Of course, there remain significant challenges — the greatest being cost control. Hospital executives recognize that controlling healthcare costs is the most difficult, but also the most important task ahead. Doing so will likely require greater collaboration with physicians, patients and even payers.
And, there is still immense uncertainty about the regulatory future, which may alter the environment yet again. However, our study suggests that hospitals today are more adaptive to change and uncertainty than we might have expected, and those that truly evolve will survive.
You’ve got to be big enough, centralized enough, and financially strong enough to be able to survive the rough times. You have to be able to raise enough capital and you have to be notable enough in the community to be able to raise philanthropy. You need to partner. Partnering allows you to expand your market area even though you don’t get 100% of that revenue. I think the third is really a data-driven organization. You’ve got to constantly analyze the data and be willing to be mobile enough to make changes. Maybe the fourth is to be in tune with your employees and that includes your physicians.
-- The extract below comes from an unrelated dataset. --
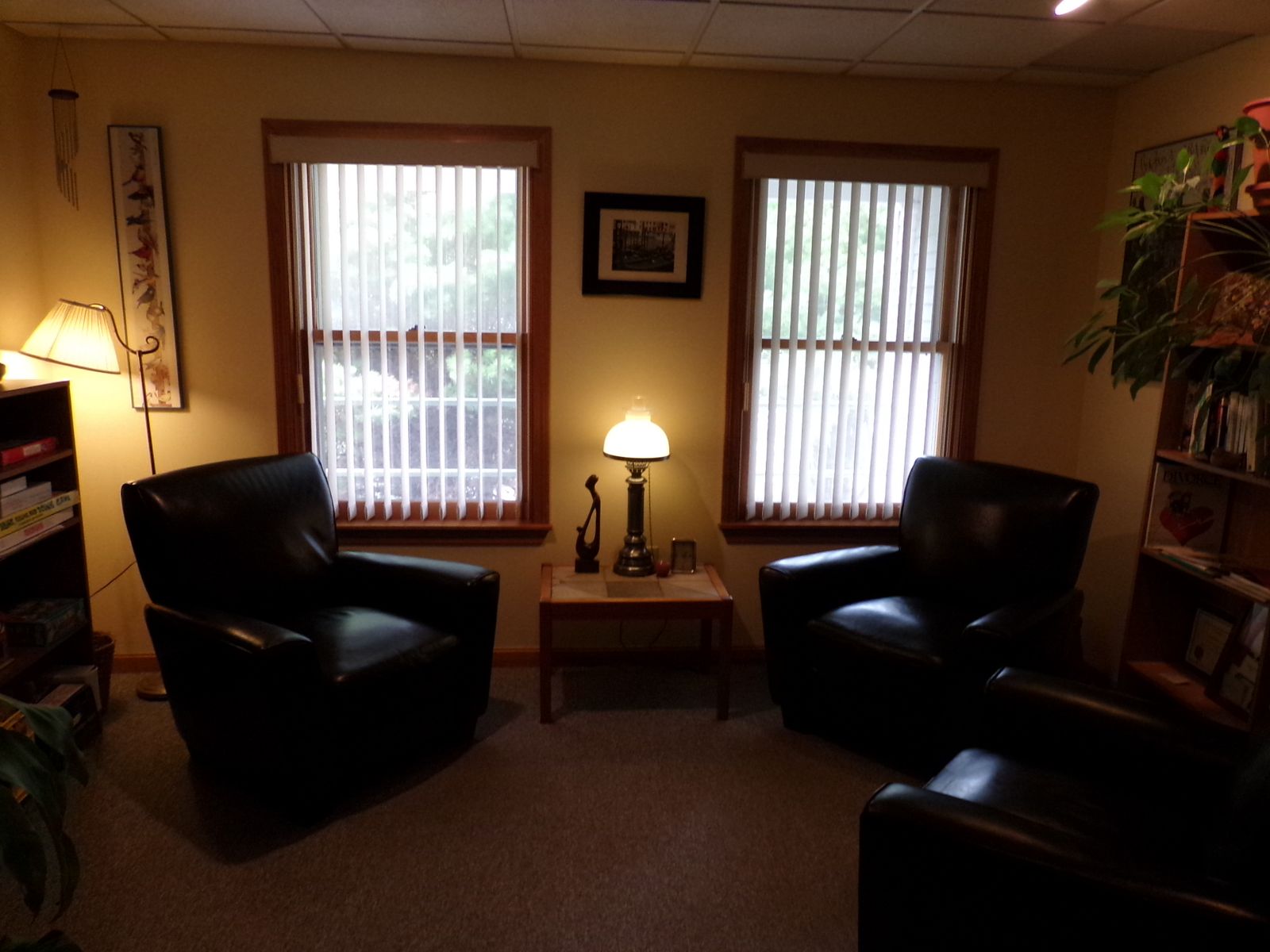 Photo 48 of 401 Gilford Ave, Unit: 122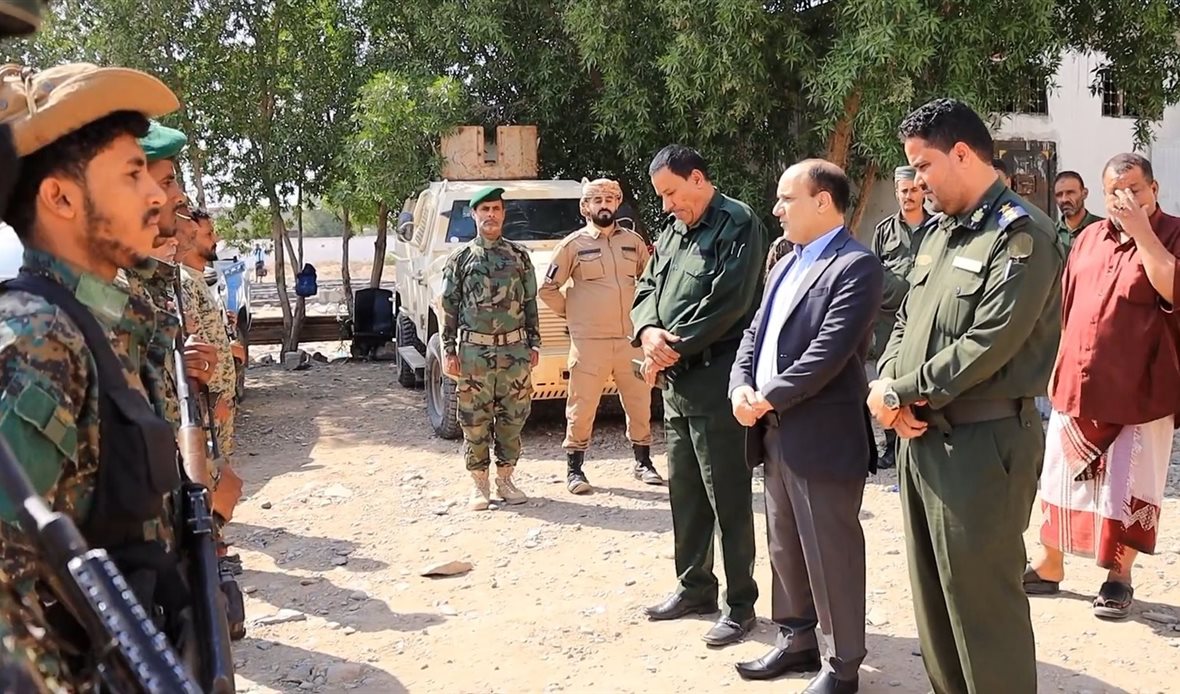 قناة عدن المستقلة AIC HDTV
Making sure they are committed to the organization, they support the mission and feel that they’re listened to and have input into what’s going on.
- COO, Eastern Health System
PNC Healthcare and Willow Research examined trends and challenges in healthcare from the perspective of U.S. hospitals. Through five stages, this study examined how changes in healthcare today are impacting these institutions and what they are doing to survive.
The Hospital Study work began with a qualitative phase, conducted from October 2016 through January 2017. This phase included secondary research, interviews with healthcare futurists and thought leaders, interviews with members of PNC’s own Healthcare Advisory Board, and a series of in-depth interviews with 30 C-level executives from hospitals and systems across the country.
The quantitative phase that followed was based on interviews with a national sample of 312 hospital executives, including everything from small, single-site hospitals to large regional and national systems.
Respondents are C-suite executives, VPs and non-clinical directors who are involved in setting strategy for their organization. Online interviews were conducted in March and April 2017.